%%
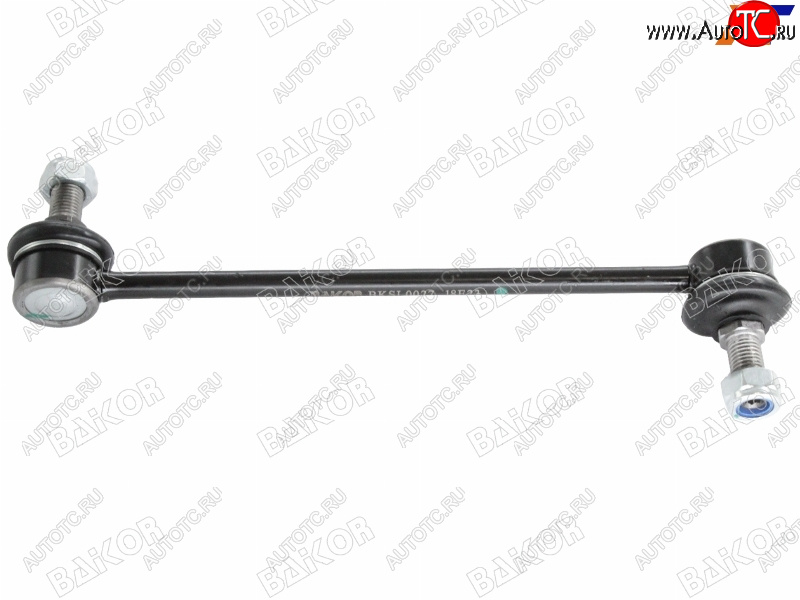579 р. Тяга стабилизатора переднего HONDA STEP WGN 01-05HYUNDAI ELANTRA 06-11KIA CEED 06-12CERATO 08-13 BAIKOR BKSL0027  с доставкой в г. Керчь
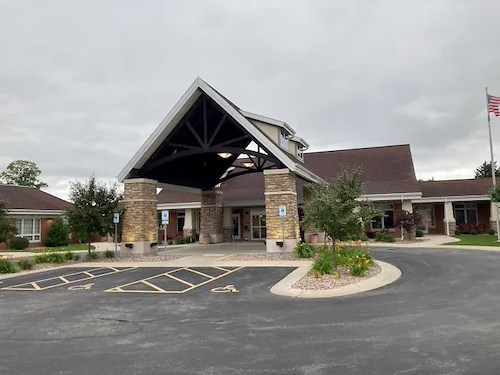 Image of Woodside Lutheran Home (1)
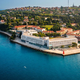 Poletja ni treba iskati daleč - ujemite ugodne ponudbe v St. Bernardin resortu Portorož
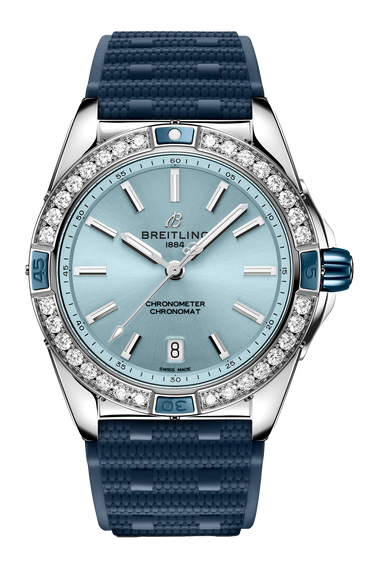 Super Chronomat Automatic 38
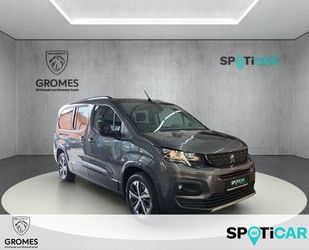 Peugeot Rifter Gebrauchtwagen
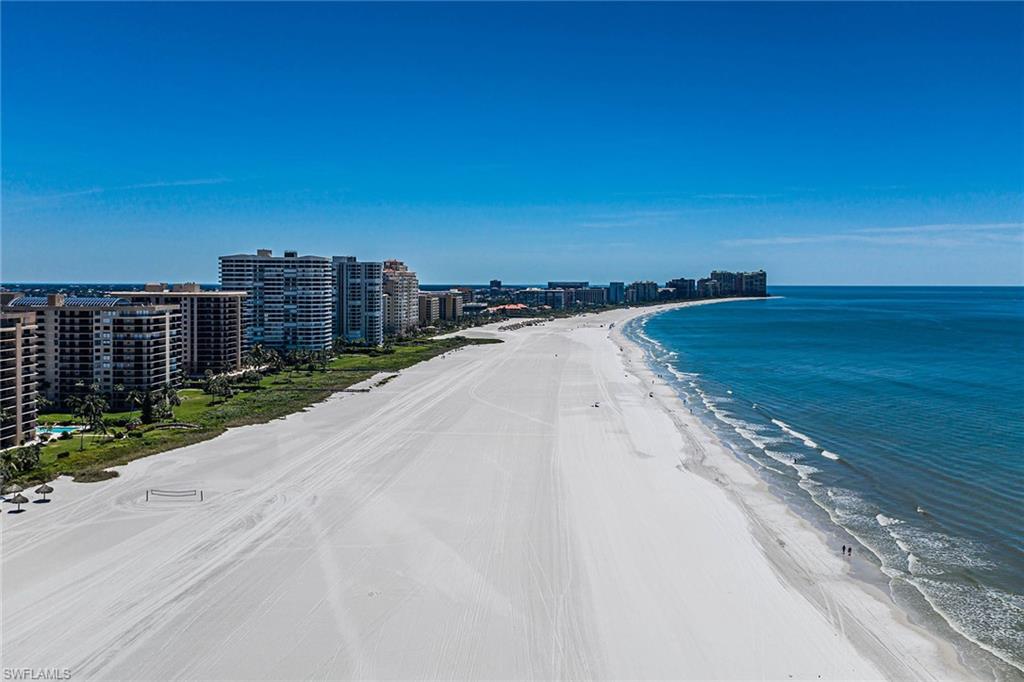 MARINER APTS MARCO ISLAND - Residential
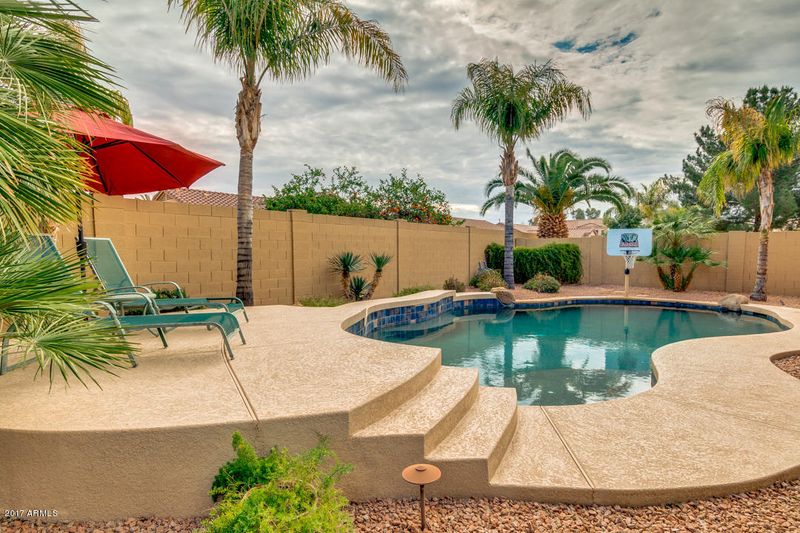 143 N Mondel Dr, Gilbert, AZ 85233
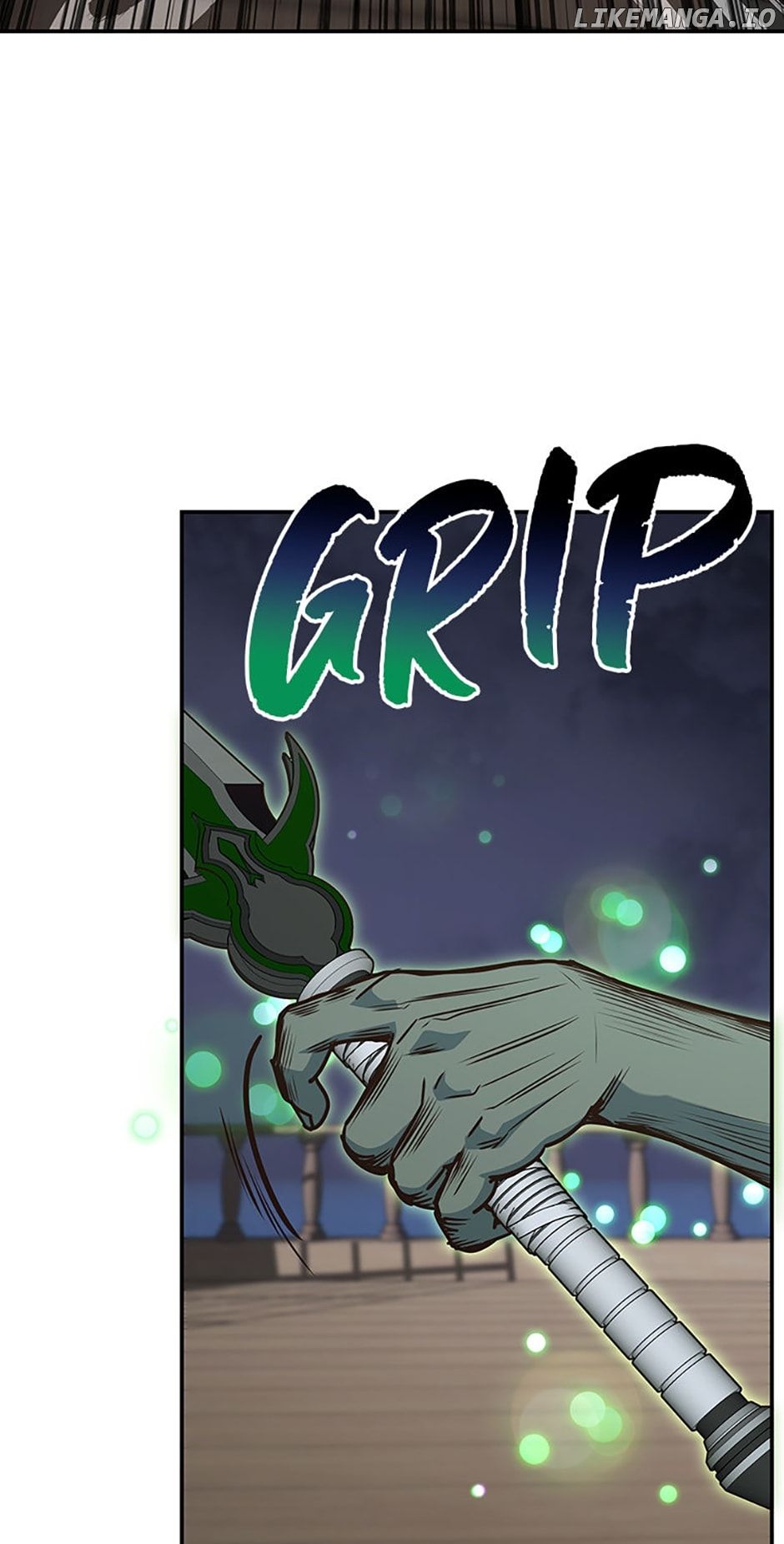 One in seven billion irregular chapter 83 page 24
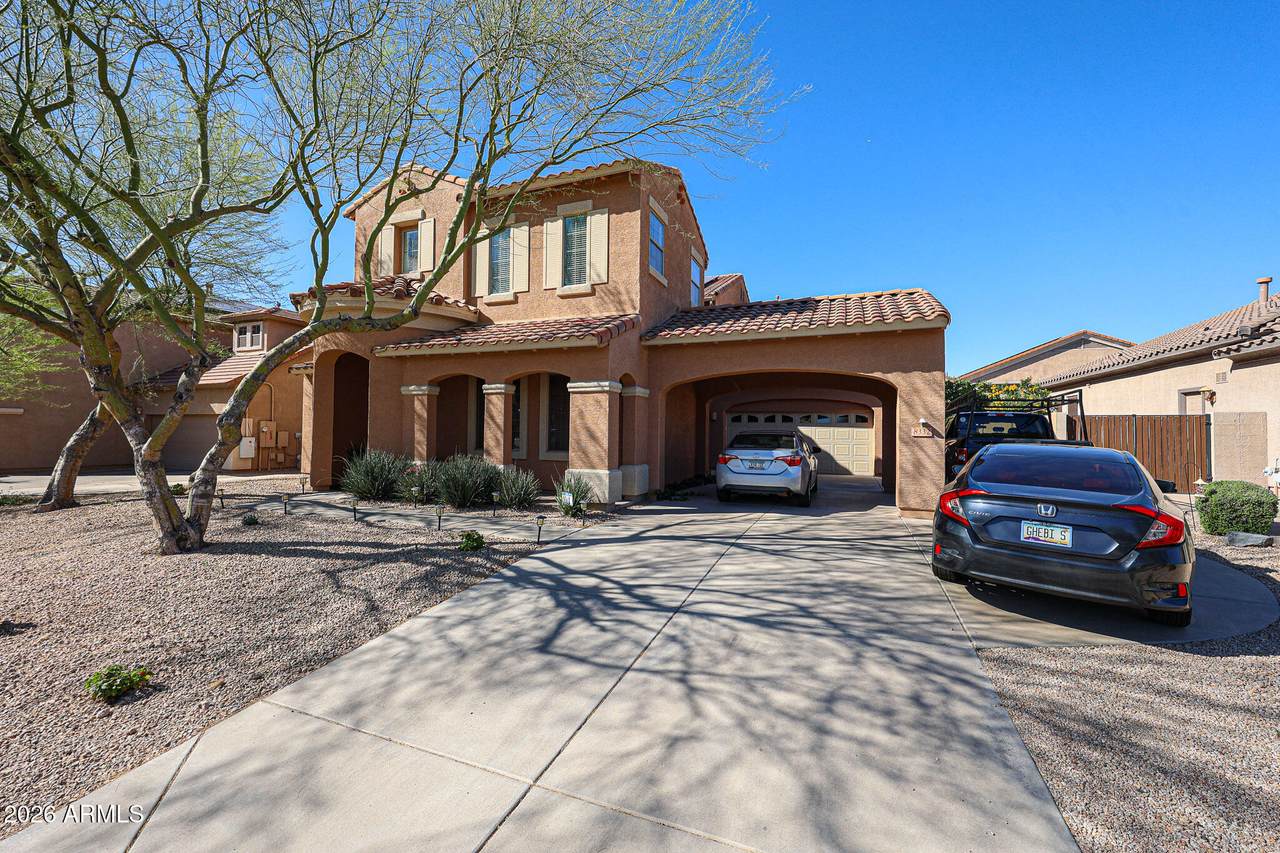 8332 Rosewood Lane - Photo 1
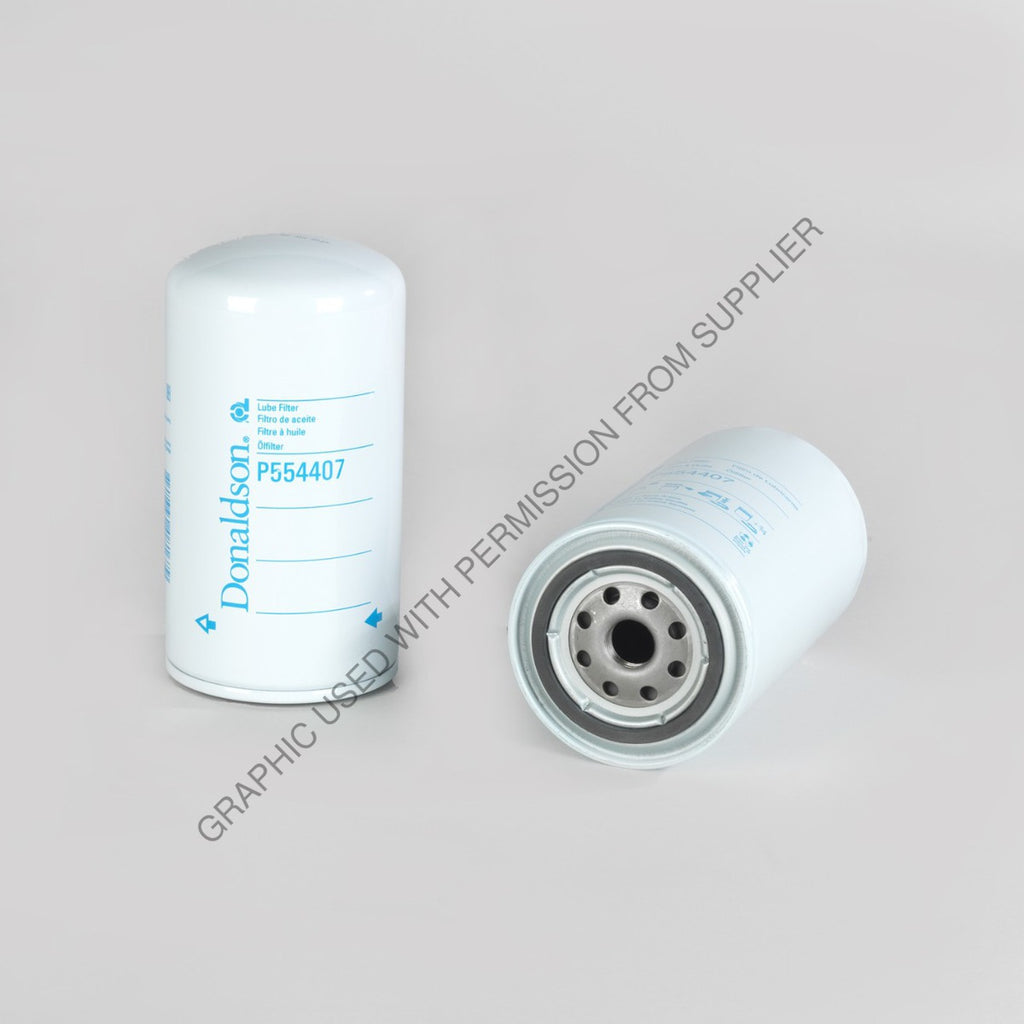 DN  P554407 LUBE SPIN ON FULL F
%%
* _TASK BRIEF_
The required output is the lines from the one containing "143 N Mondel Dr, Gilbert, AZ 85233" through the end of the data, printed exactly, with no pictures.

* _TASK RESPONSE_
 143 N Mondel Dr, Gilbert, AZ 85233
 One in seven billion irregular chapter 83 page 24
 8332 Rosewood Lane - Photo 1
 DN  P554407 LUBE SPIN ON FULL F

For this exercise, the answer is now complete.